To learn more about the motivations behind the project and the value of immersive tools like VR in logistics education, we spoke with Prof. Besiou, who co-developed the simulation in cooperation with Prof. Harwin de Vries from the Rotterdam School of Management. She shared her insights on how technologies like VR can elevate learning outcomes and prepare students for real-world complexity.

What inspired you to develop a VR simulation for humanitarian logistics, and how does it differ from traditional teaching formats in this field?

Our long-running, full-day humanitarian logistics simulation already delivered strong learning, but we realized that the on-campus setting limited immersion. We wanted the students to feel the stakes without leaving the classroom. How? With Virtual Reality! We transformed the stakeholder-interaction phase into a facilitator-controlled, group-specific 360° experience set in a post-earthquake response. Instead of everyone watching the same clip, different teams receive different briefs (e.g., one NGO has 20 truckloads of water in Copenhagen but no trucks; another has empty trucks departing today), forcing information sharing across groups and negotiation under pressure.
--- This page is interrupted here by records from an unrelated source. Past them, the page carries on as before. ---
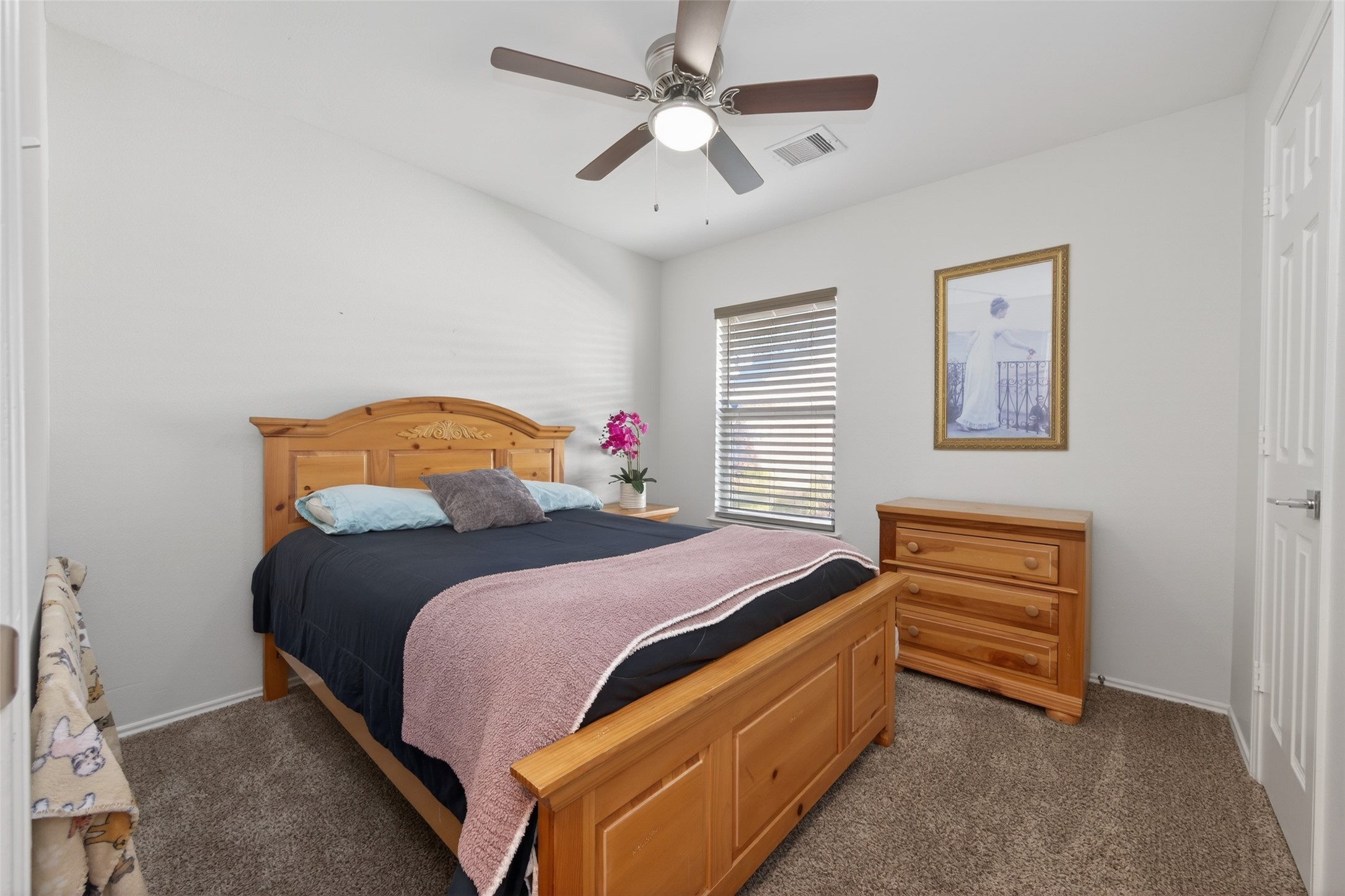 20218 Appaloosa Ridge Drive Humble, TX 77338 - Photo 26 of 44 This cozy bedroom features a wooden bed and dresser set, a ceiling fan, and a window with blinds. The neutral walls and carpet create a warm atmosphere, complemented by a decorative wall picture and a touch of color from a flower arrangement.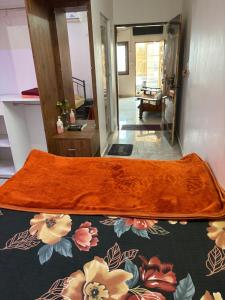 an orange rug on the floor of a room with a living room at 1 Bedroom & Living Room for Friends & Families in Chāmundi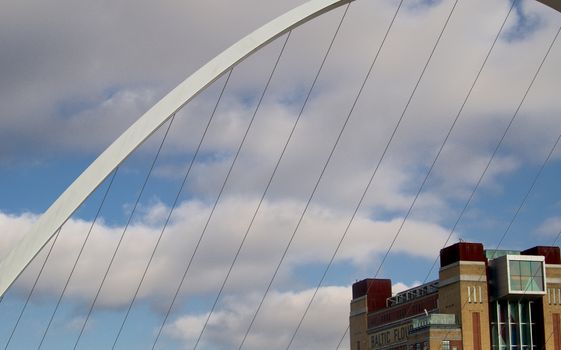 Millennium Bridge and top of the Baltic Art Museum in Newcastle, North of England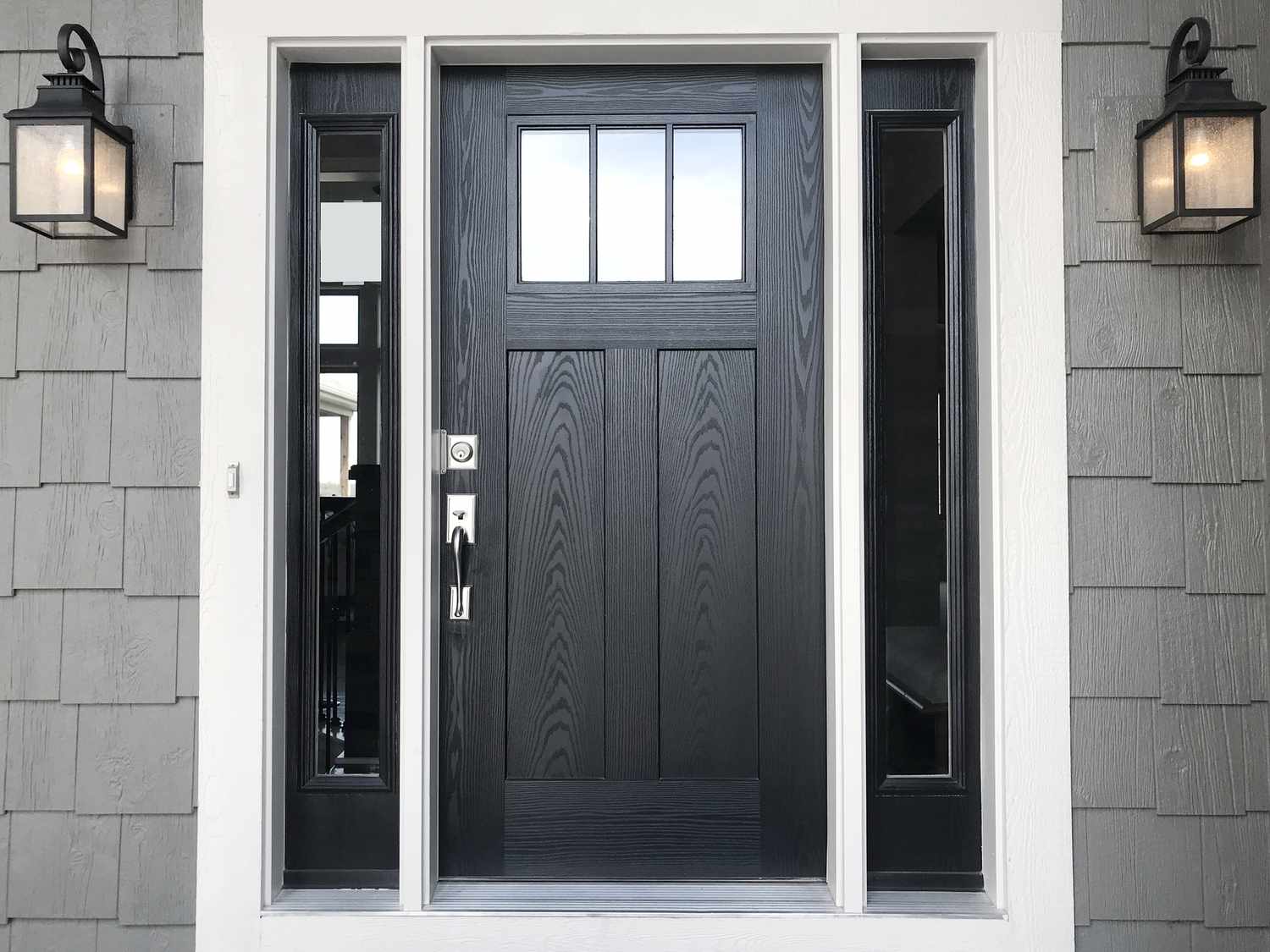schwarze Haustür mit grauen Wänden an einem Haus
VR does not replace open-ended problem solving; instead, it amplifies realism and urgency while preserving student autonomy outside the headset. 
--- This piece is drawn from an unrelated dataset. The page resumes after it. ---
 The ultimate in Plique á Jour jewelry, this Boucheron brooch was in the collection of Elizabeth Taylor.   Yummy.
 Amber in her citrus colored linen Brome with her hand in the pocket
This simulation shows KLU’s hands-on and innovative approach. Instead of the traditional “read – discuss” of a case, the students enter this crisis setting with another angle: “experience – decide – defend”. The facilitator triggers different videos/headsets at different times, mirroring real-time injects, allowing for a dynamic experience that brings problem-solving learning to the next level.

How does this project contribute to better decision-making and learning outcomes for future logistics professionals, especially in high-pressure humanitarian settings?
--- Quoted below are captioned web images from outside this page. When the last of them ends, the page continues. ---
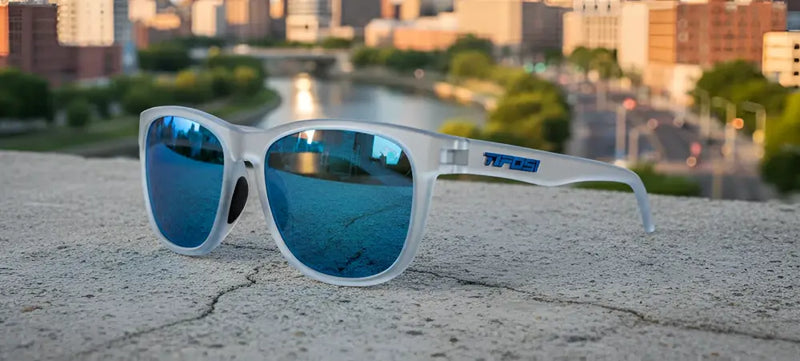 Frosted white sunglasses with blue mirrored lenses on a concrete ledge overlooking a city and river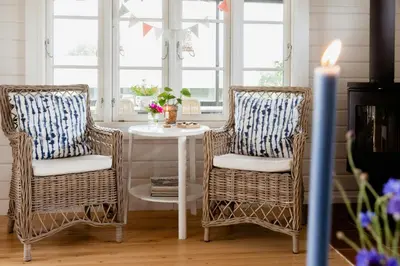 two wicker chairs and a table in a room at Grandma's House By Limfjord And Fur in Roslev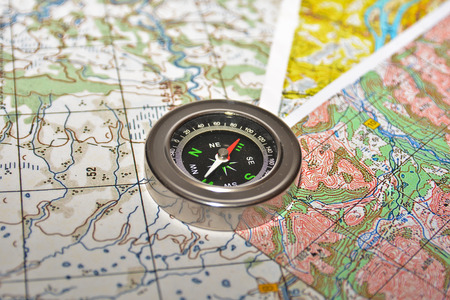 On a few maps is the magnetic compass. Compass laying on a topographic map.の写真素材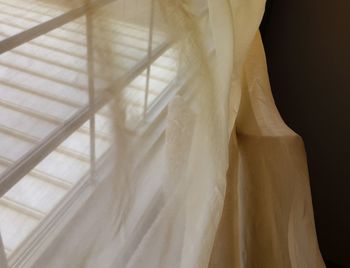 Close-up of curtain against window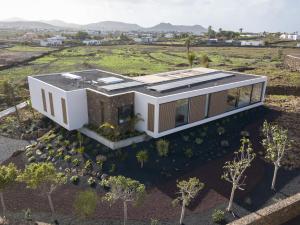 an aerial view of a house in a field at Villa Gara exclusive luxury villa with heated pool in Lajares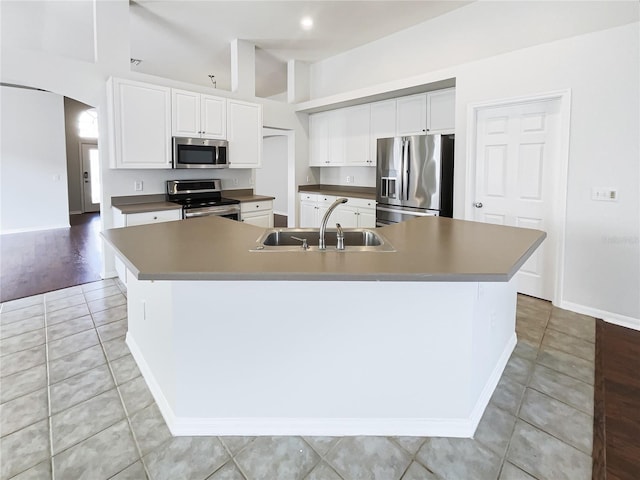 kitchen with a large island, sink, white cabinets, and appliances with stainless steel finishes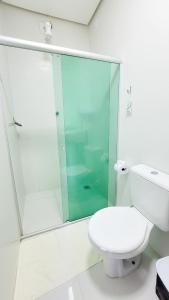 a bathroom with a toilet and a glass shower at Pousada e Suítes Ecologia Lençóis in Lençóis +27 photos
Humanitarian logistics is about making good decisions with incomplete information. The VR layer heightens the sense of consequence, so students feel the weight of prioritizing (e.g., 10,000 blankets vs. water and food) while coordinating across teams. Through the first trials we have seen already better outcomes in:

  • Decision quality under pressure: Students practice rapid triage, explicit prioritization criteria, and defensible justification, all skills they valued in pre-VR iterations.
  • Collaboration and stakeholder engagement: Given the group-specific intel, students are compelled to cross-team coordination, mirroring cluster dynamics.
  • Professional readiness: Learners translate chaotic inputs into clear, donor-facing updates and asks, strengthening the employability signals KLU is known for.
  • Personal and team resilience: By working through uncertainty and time pressure in an immersive yet safe setting, students test their own and their team’s boundaries (managing stress, negotiating disagreement, and recovering from setbacks). We make this explicit in a structured debrief (after-action review) that brings up coping strategies, team norms, and “pressure playbooks.” The result is not just better choices in the moment, but greater confidence and resilience when facing real-world field conditions.

 

In your view, what role will immersive technologies like VR play in the future of higher education and research at KLU and beyond?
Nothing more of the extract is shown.